Greetings from Midsummer in Provincetown!!

We’re speeding through our thematic weeks – Baby Dyke Memorial Day Weekend, Ptown International Film Festival, Portuguese Festival, Fourth of July, Circuit Party, Bear Week – and are now midsummering in GirlSplash Week.  Family Week, Carnival and Labor Day lie ahead. Next stop Christmas.

The Provincetown Business Association has suggested that we refer to tourists as visitors.  Whatever you call them, they arrive by car, ferry or small plane. They are national and international, northern and southern hemisphere, young and old, straight and gay, with and without store shopping bags. On rainy days the town maxes out with day-trippers from all over Cape Cod.
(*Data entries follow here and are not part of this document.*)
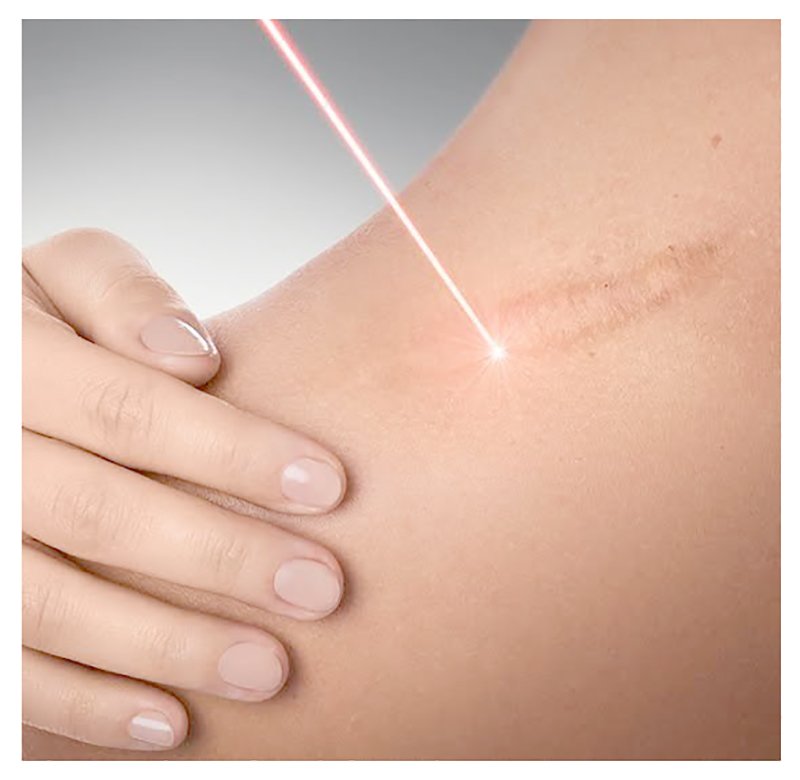 Update เทคนิคการรักษาแผลเป็นคีลอยด์ 2021 Update Scar and Keloid Management Update เทคนิคการรักษาแผลเป็นคีลอยด์ 2021 Update Scar and Keloid Management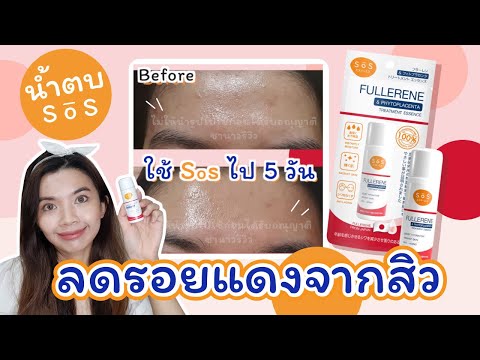 รีวิว SoS น้ำตบ เอสเซ้น ลดการเกิดสิว รอยแดงสิว Fullerene & Phytoplacenta ผิวแพ้ง่าย l Kalukpukpik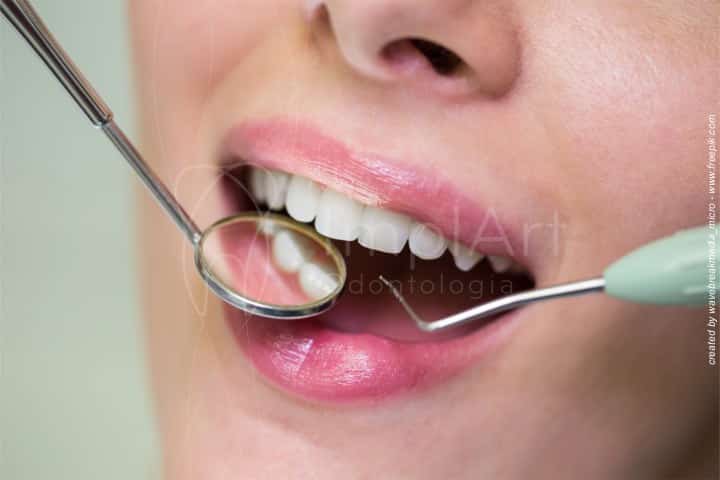 limpeza nos dentes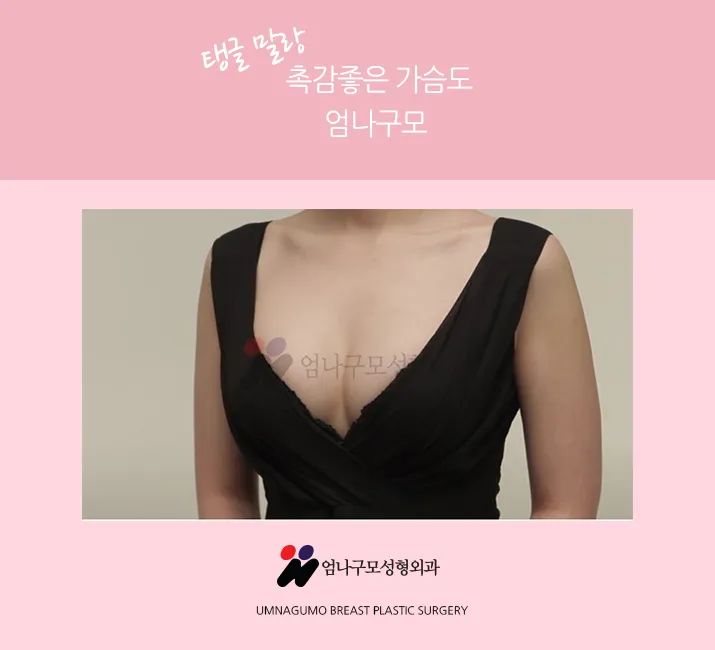 엄나구모정보글 ※ 안전한곳에서 자연스럽고 예쁜 가슴성형~! 안내 이미지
Local and guest workers are, as usual, all working two and three jobs – your morning breakfast waitress at Choch can be the evening bar back at Front Street.  Big name and yearly entertainers are all flyering the streets.

Out at Herring Cove, The National Seashore has renovated the old bathhouses and upgraded the beach concession. Farland, a beloved year-round café/deli runs the concession every day until sunset.  It is perhaps a sign of the LGBT times that the National Seashore, no less, has renovated the bathhouse in Ptown, once one of a few gay vacation destinations. Dinner and drinks are served!  What’s next?  The Meat Rack goes vegetarian.

On Wednesday night Farland hosts a band and beachfire at the Cove of Herrings.  Locals gather with their beachchairs, for a drink, tasty beach food and great local music.  Some intrepid folks take a swim, others huddle around the bonfire, all lit by the sweet light of sunset, improbably visible from an eastern shore.

This lovely tradition, this lovely summer rolls peacefully through its days. While tides of refugees ebb and flow around the world.  While planes are shot out of the sky.  While the world forgets 250 young girls kidnapped in Nigeria.  While the Mideast saga of real estate, religion and resentment again rolls through its days.  For many, the summer’s contrast is present and unspoken, our sad gratitude undeniable.